Xiaolong Wang's banner

Xiaolong Wang

@xiaolonw • 21,955 subscribers

Research Director, @Meta Superintelligence Labs Co-founder of ARI Associate Professor @UCSDJacobs Postdoc @berkeley_ai PhD @CMU_Robotics

Shorts

A behind-the-scenes video on how teleoperation is done. Whole-body manipulation with only a VisionPro.

A behind-the-scenes video on how teleoperation is done. Whole-body manipulation with only a VisionPro.

40,309 views

Videos

Anya Rossi

sweetdream.ai

SweetDream.ai•Sponsored•Livecam

Watch Anya Live

Anya is streaming live right now! Join her private show and enjoy exclusive content.

Exclusive private shows

1.2k viewers online

Private Show

Join now for exclusive access

Free preview available • Premium content

The code of GSPN #CVPR2025 is released! We proposed a new sqrt(N) complexity attention mechanism, which enables efficient high resolution image generation. We can generate 8k images with 42x speed up compared to self-attention in StableDiffusionXL! Code: Paper:

The code of GSPN #CVPR2025 is released! We proposed a new sqrt(N) complexity attention mechanism, which enables efficient high resolution image generation. We can generate 8k images with 42x speed up compared to self-attention in StableDiffusionXL! Code: Paper:

354,887 views • 1 year ago

Test-Time Training (TTT) is now on Video! And not just a 5-second video. We can generate a full 1-min video! TTT module is an RNN module that provides an explicit and efficient memory mechanism. It models the hidden state of an RNN with a machine learning model, which is updated via gradient descent. Combined with a Diffusion Transformer, we are able to generate a 1-min Tom and Jerry cartoon. Enjoy our video with input script (not seen before): Jerry happily eats cheese in a tidy kitchen until Tom playfully takes it away, teasing him. Annoyed, Jerry packs his belongings and leaves home, dragging a small suitcase behind him. Later, Tom notices Jerry's absence, feels sad, and follows Jerry's tiny footprints all the way to San Francisco. Jerry sits disheartened in an alleyway, where Tom finds him, gently offering cheese as an apology. Jerry forgives Tom, accepts the cheese, and the two return home together, their friendship restored.

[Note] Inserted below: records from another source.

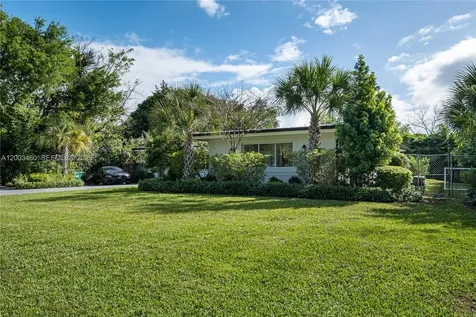 10235 SW 58th Court Pinecrest FL 33156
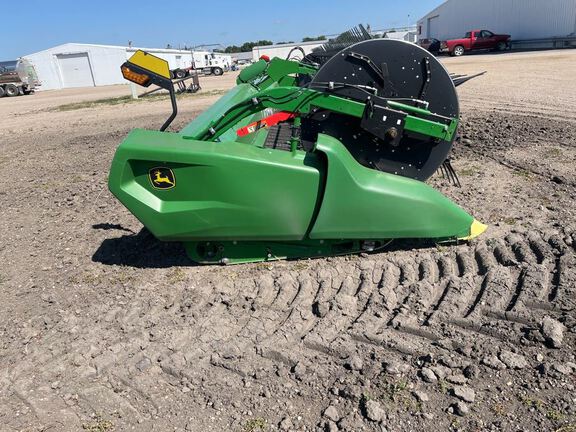 2023 John Deere RD40F Header Combine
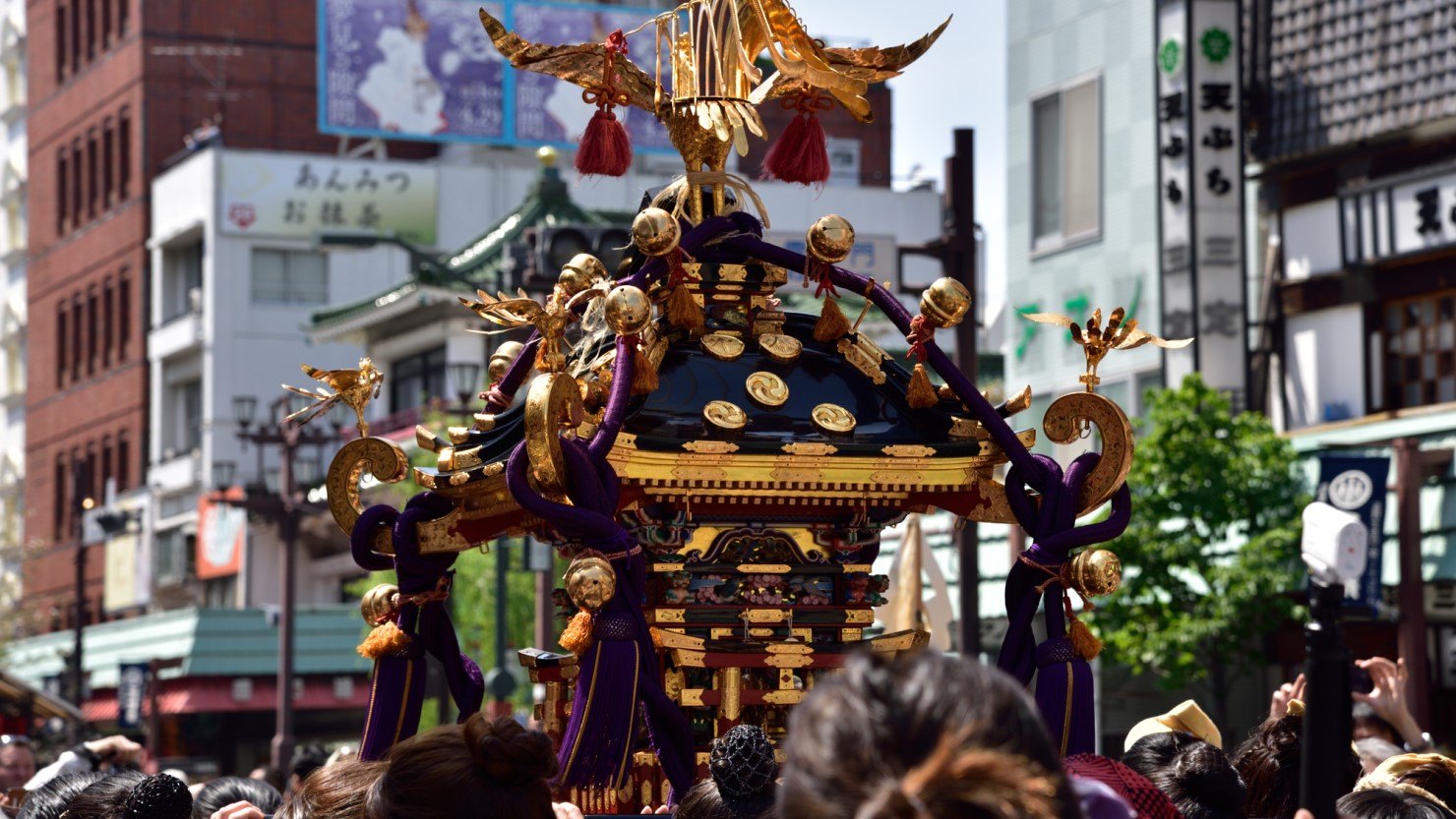 三社祭の神輿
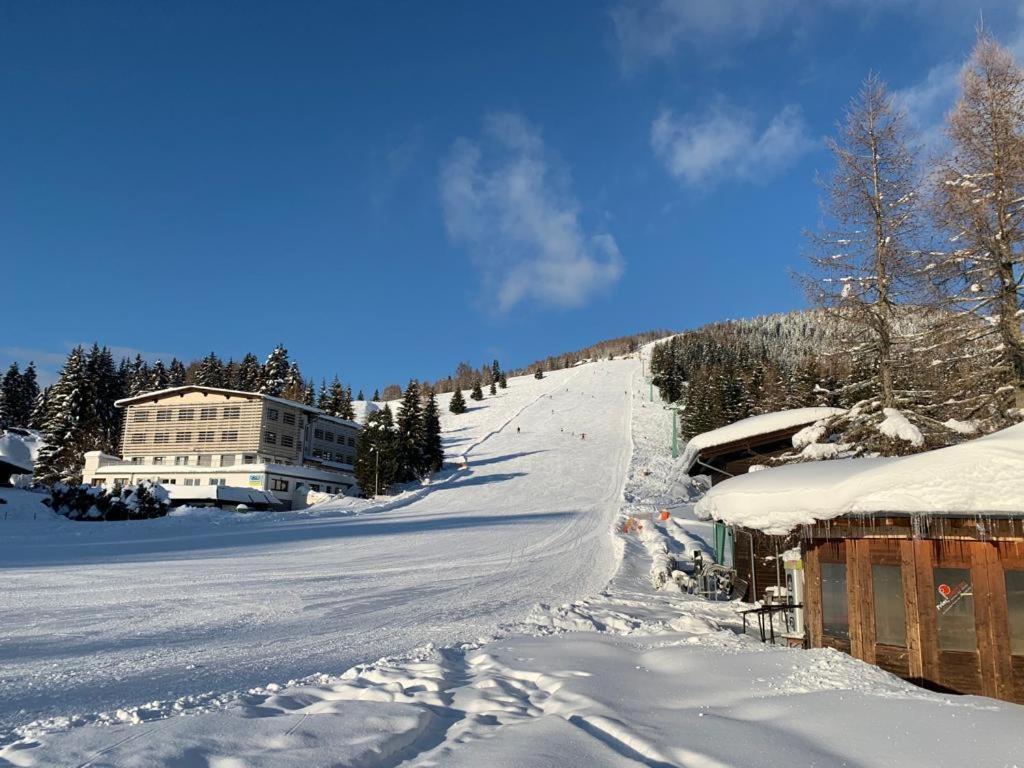 Hotel Alpenrose Treffen Buitenkant foto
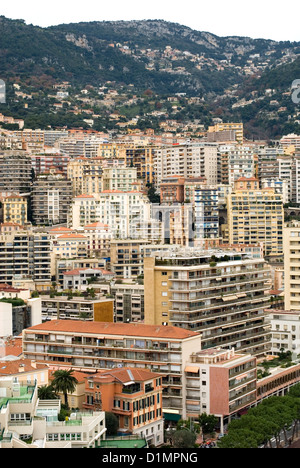 Mehrfamilienhäuser in der dicht besiedelten Stadt von Monte Carlo, Monaco Stockfoto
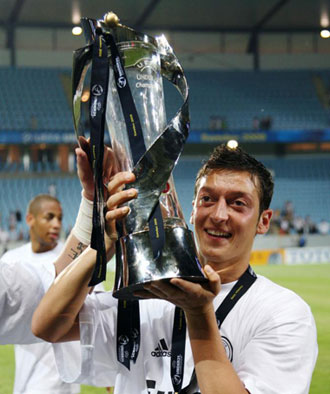 ÖZIL FICHADO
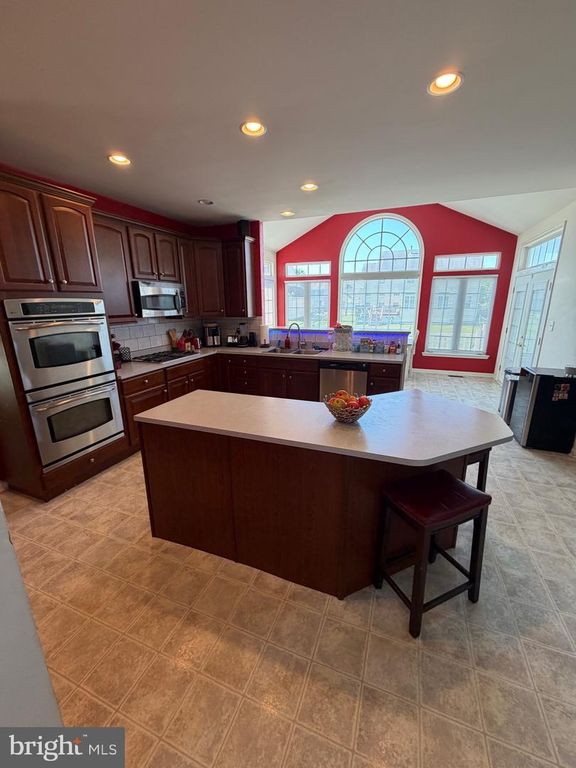 Image 15 of property listing at 50 E BRAEBURN DR, Smyrna, DE 19977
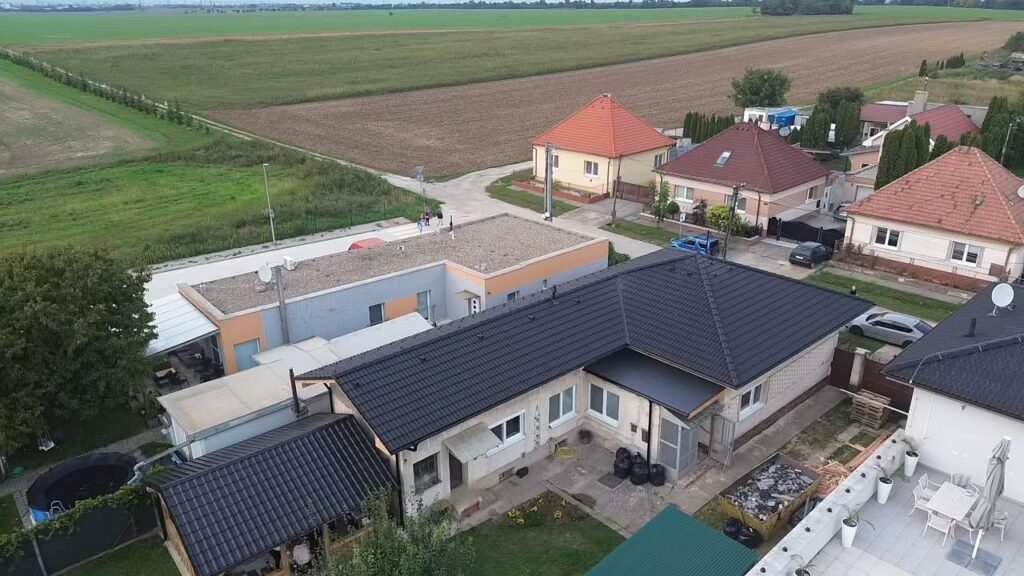 Hotová rekonštrukcia valbovej strechy v Opoji – letecký pohľad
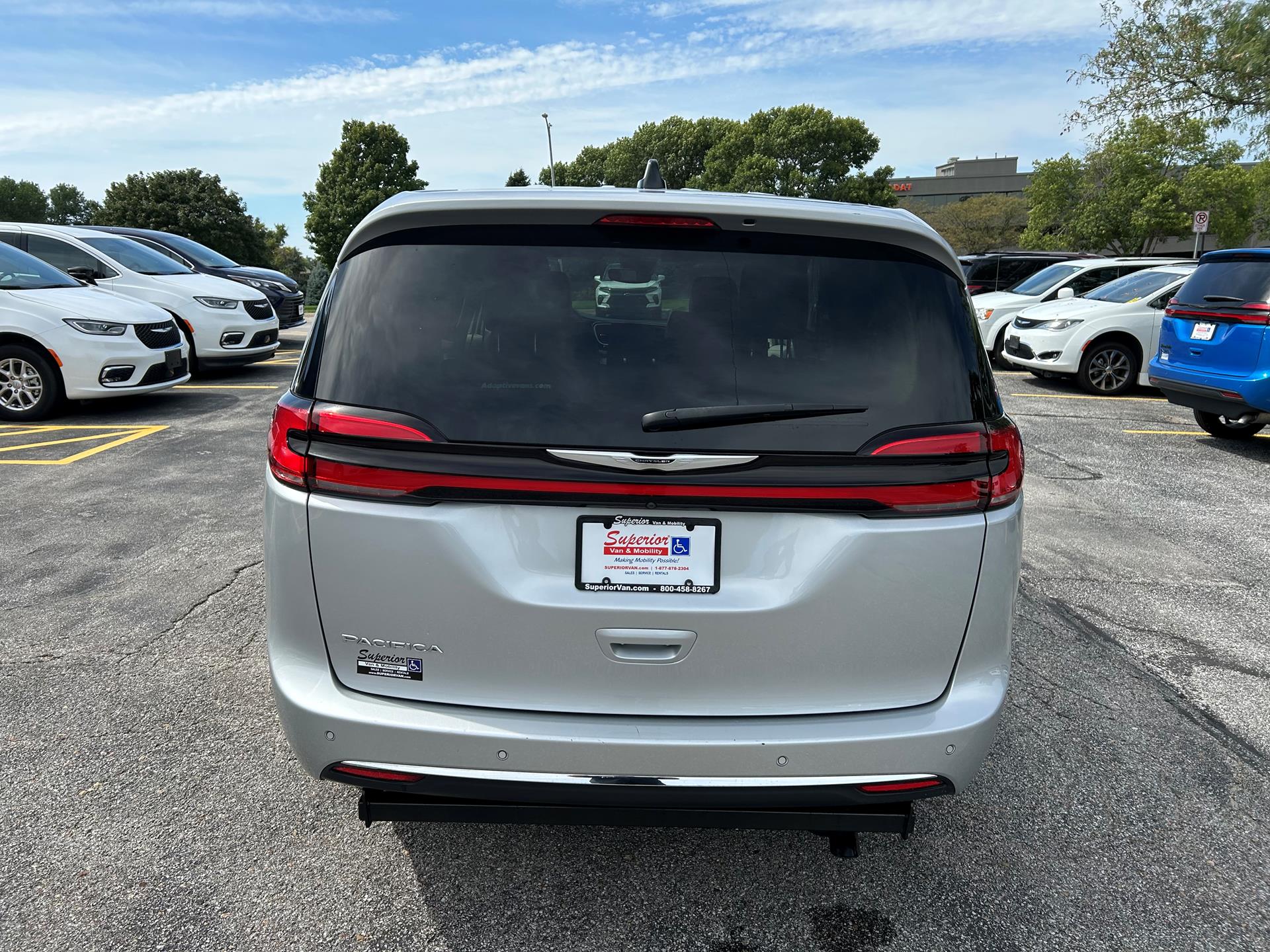 PRE OWNED 2024 Chrysler Pacifica Touring L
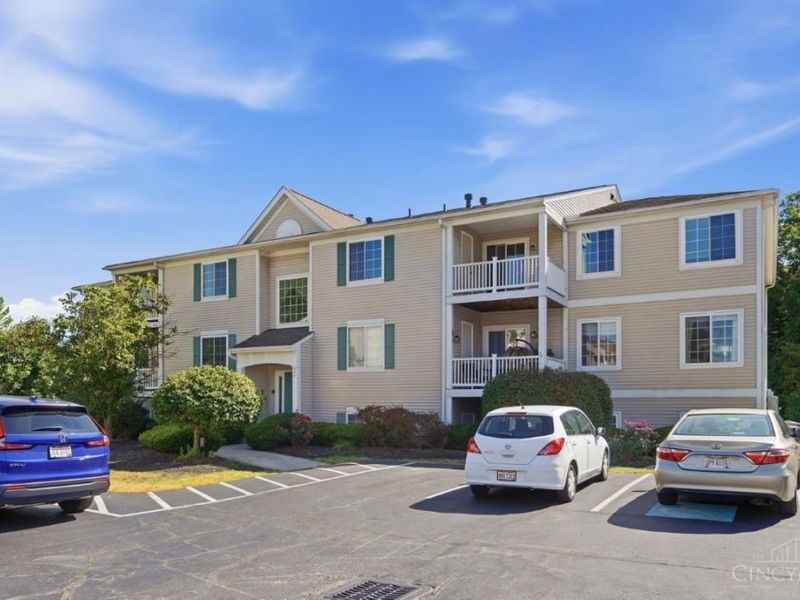 556 Aspen Glen Drive, Unit 810, Union Township, OH 45244 Photo 3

Test-Time Training (TTT) is now on Video! And not just a 5-second video. We can generate a full 1-min video! TTT module is an RNN module that provides an explicit and efficient memory mechanism. It models the hidden state of an RNN with a machine learning model, which is updated via gradient descent. Combined with a Diffusion Transformer, we are able to generate a 1-min Tom and Jerry cartoon. Enjoy our video with input script (not seen before): Jerry happily eats cheese in a tidy kitchen until Tom playfully takes it away, teasing him. Annoyed, Jerry packs his belongings and leaves home, dragging a small suitcase behind him. Later, Tom notices Jerry's absence, feels sad, and follows Jerry's tiny footprints all the way to San Francisco. Jerry sits disheartened in an alleyway, where Tom finds him, gently offering cheese as an apology. Jerry forgives Tom, accepts the cheese, and the two return home together, their friendship restored.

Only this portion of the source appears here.